# The heron house



## Mikeymutt (Jul 12, 2015)

after seeing dauntless report on here.thought I would give this place a little look myself.really enjoyed myself here.lots of old bits and bobs about,The sheds were really nice too.loved the old stuff heron in there.well I think it was a heron.


----------



## The_Derp_Lane (Jul 12, 2015)

Very nice photos, great shot of the piano.


----------



## Mikeymutt (Jul 12, 2015)

dauntless486 said:


> Very nice photos, great shot of the piano.
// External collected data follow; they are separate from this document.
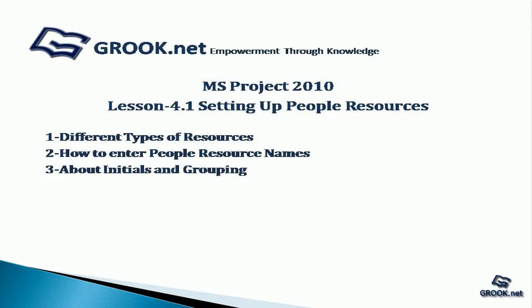Welcome back to MS Project 2010 video tutorial series by GROOK.net. In lesson 4.1, we see how to set up people resources.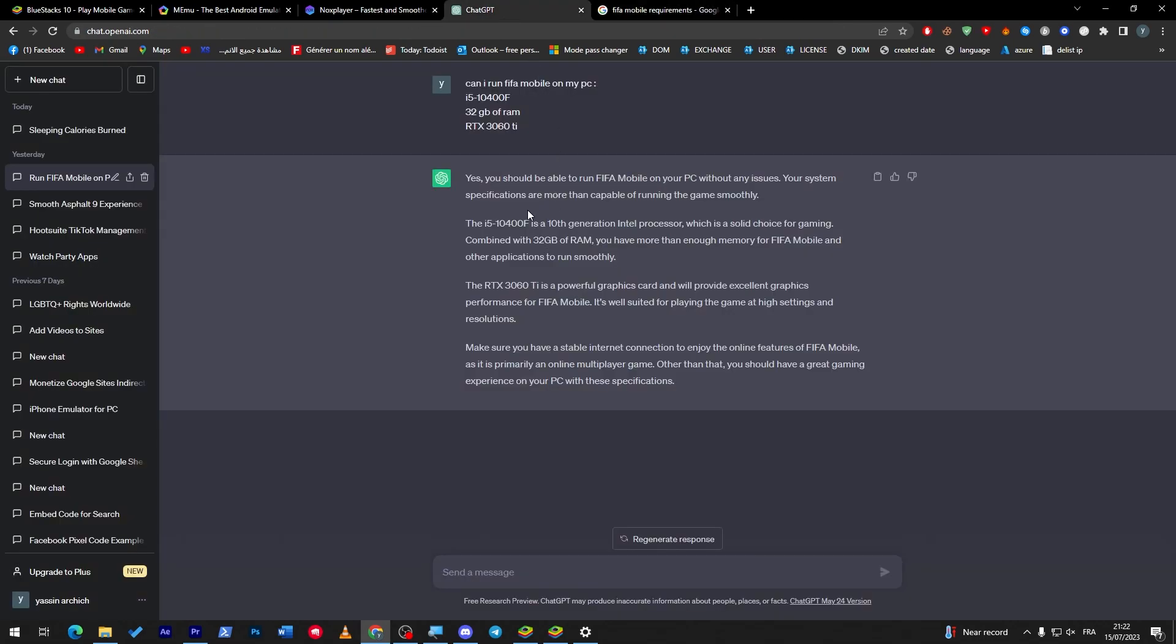But overall, let's go for ChatGPT. It will give you the correct statement for your PC and if it is going to actually work or not. So thank you guys a lot for watching, and see you guys in the next tutorial.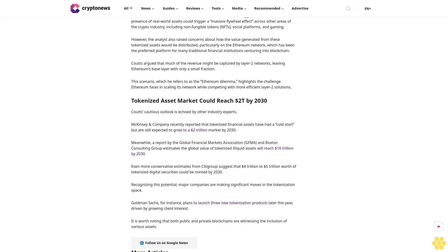The 30 trillion dollar projection was initially put forward by Standard Chartered Bank and consulting firm Synpulse in June, which forecasted that RWAs could reach this valuation by 2034. However, Couts considers this estimate to be overly optimistic and cautions against expecting such exponential growth in the near term.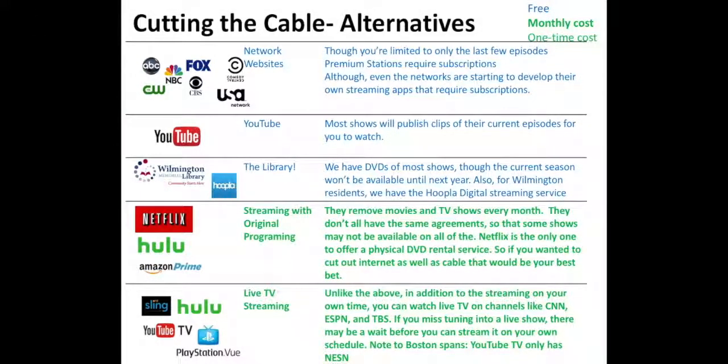Hi, everybody. This is Brad. Today's Tech Tip is Alternatives to Cable, the third edition or episode.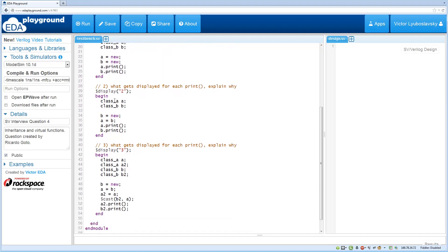In the second part we create class A and B, we call the constructor on B and then we assign B to A. And what's going to get printed when we call print on A and B.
Thank you..It did not smell like I thought it would so..been in worse l


----------



## The_Derp_Lane (Jul 12, 2015)

Mikeymutt said:


> Thank you..It did not smell like I thought it would so..been in worse l



Yeah, I think are many houses which smell worse than this, Only I haven't been finding them.


----------



## Rubex (Jul 12, 2015)

Amazing as always!


----------



## Mikeymutt (Jul 12, 2015)

Rubex said:


> Amazing as always!



Thank you rubex x


----------



## smiler (Jul 12, 2015)

Yeah it's a heron I reckon, I don't give much for it's chances of flying out of there unless the thieving magpies turn up. I enjoyed the the post that dauntless put up about this place, your take was well up to your usual high standard, Thanks


----------



## DirtyJigsaw (Jul 12, 2015)

Fantastic Mikey!!  Some great photos there mate


----------



## HughieD (Jul 12, 2015)

Superb set there sir...


----------



## scribe (Jul 12, 2015)

Nice bit of hdr. Enjoyed them especially the deteriorating stuffed cat. Is it a cat? Looks like it's mutating into something. Great shots.


----------



## mockingbird (Jul 13, 2015)

did the place proud mate, good job!


----------



## skankypants (Jul 13, 2015)

Fantastic!..


----------



## Mikeymutt (Jul 13, 2015)

Thank you for all the nice comments people.


----------



## acer77 (Jul 13, 2015)

Awesome post!! bit texas chainsaw maasacre ish!!!


----------



## DiggerDen (Jul 13, 2015)

Beautiful photos. That place looks amazing.


----------



## UrbanX (Jul 14, 2015)

Stunning set of images, so much left behind. 
Thanks for sharing


----------